Twenty-five people have died and 51 were injured in clashes in the northeast of the perennially unstable Central African Republic, the communications minister said Thursday.
Fighting between armed groups in Ndele led to the deaths of 21 civilians, Ange-Maxime Kazigui said, adding: "The situation remains confused."
Humanitarian workers, however, said that members of the Popular Front for CAR's Rebirth (FPRC) had clashed in Ndele on Wednesday.
The FPRC last year split into two factions: the Runga ethnic group on one side, including FPRC's military chief Abdoulaye Hissene, and rival fighters from the Gula and Kara ethnic communities.

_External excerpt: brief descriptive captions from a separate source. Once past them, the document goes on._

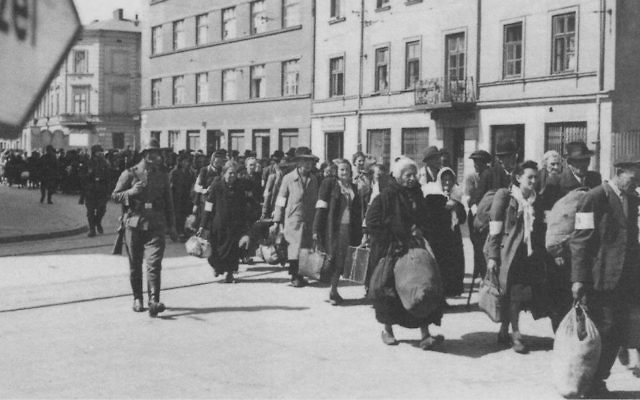 Jews are marched through the streets during the liquidation of the Krakow Ghetto, 1943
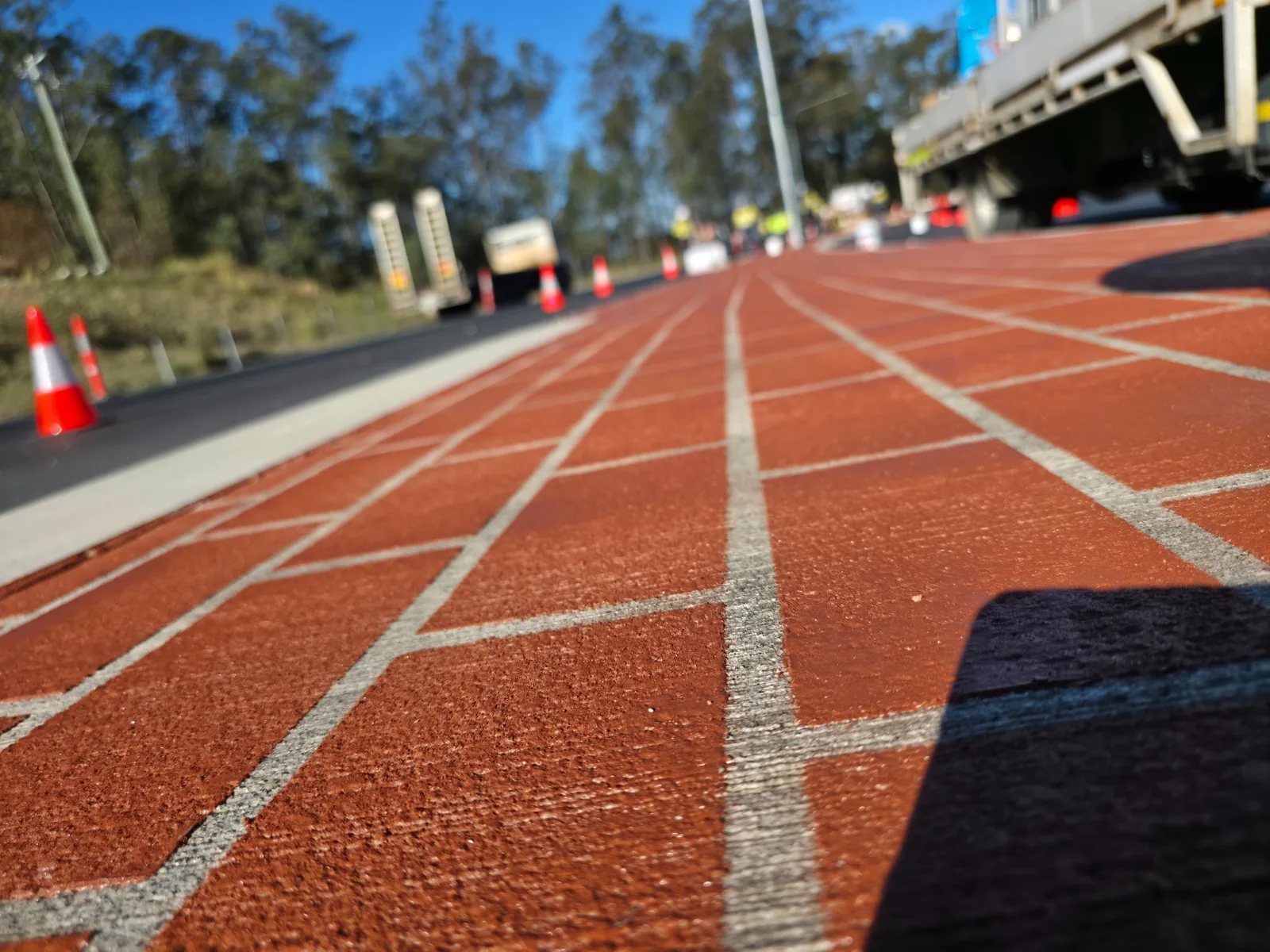 Low-angle detail of the textured red finish and contrasting joints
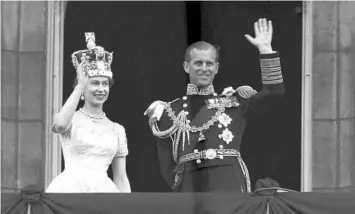  ??  ?? Britain’s Queen Elizabeth II and her husband, Prince Philip, wave from Buckingham Palace after her coronation. The palace announced that Philip died Friday at 99 and less than a month after being released from a hospital.
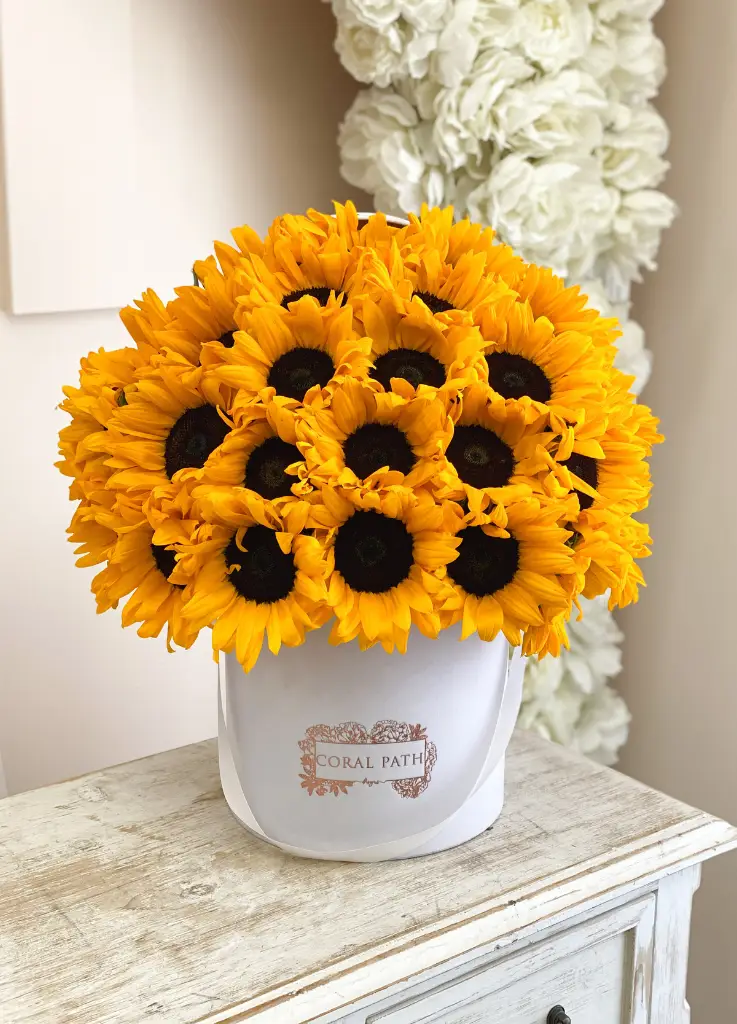 Sunflowers arranged in a hat box.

They are fighting for control of the region's resources including its vast diamond deposits.
CAR struggles with violence despite a peace deal signed between the government and 14 armed groups. Rival militias battling over resources control more than two thirds of the country.
There have been clashes between Runga and Gula in Ndele, which is under FPRC control, since the start of March.
"The Gula wing of the FPRC attacked the Runga faction" in Ndele on Wednesday, an official from the UN mission in CAR, known by its French acronym MINUSCA, told AFP, speaking on condition of anonymity.
"There were about 100 Gulas who entered the town wearing civilian clothes," the official said, speaking on condition of anonymity. The official added there exchanges of fire with MINUSCA troops before the Gula pulled back.
Tensions between the ethnic groups had spilled over last September in the town of Birao on the Sudanese border and then again in Bria, a diamond centre in the east of the country, last January.
Thirteen people -- most of them fighters -- were killed in further clashes at Ndele on March 11.
One of the world's poorest and most unstable nations, the former French colony has suffered several crises since 2003 when former president Francois Bozize seized power in a coup.
The country spiralled into bloodshed after Bozize was overthrown in 2013 by the mainly Muslim rebel Seleka alliance.
Seven years of fighting since then has forced nearly a quarter of the country's 4.5 million people to flee their homes.
After the latest unrest a government spokesperson noted it was "only a few days ago that there was a meeting between the different protagonists with the prime minister in the presence of Mr Hissene in order to find a means of restoring calm."
The FPRC for its part issued a statement saying Gula fighters had joined up with other armed groups with government support.
The FPRC's spokesman Aboubakar Silick Ali said the group is calling for an international investigation as well as for the resignation of two ministers it accuses of complicity with Gula rebels.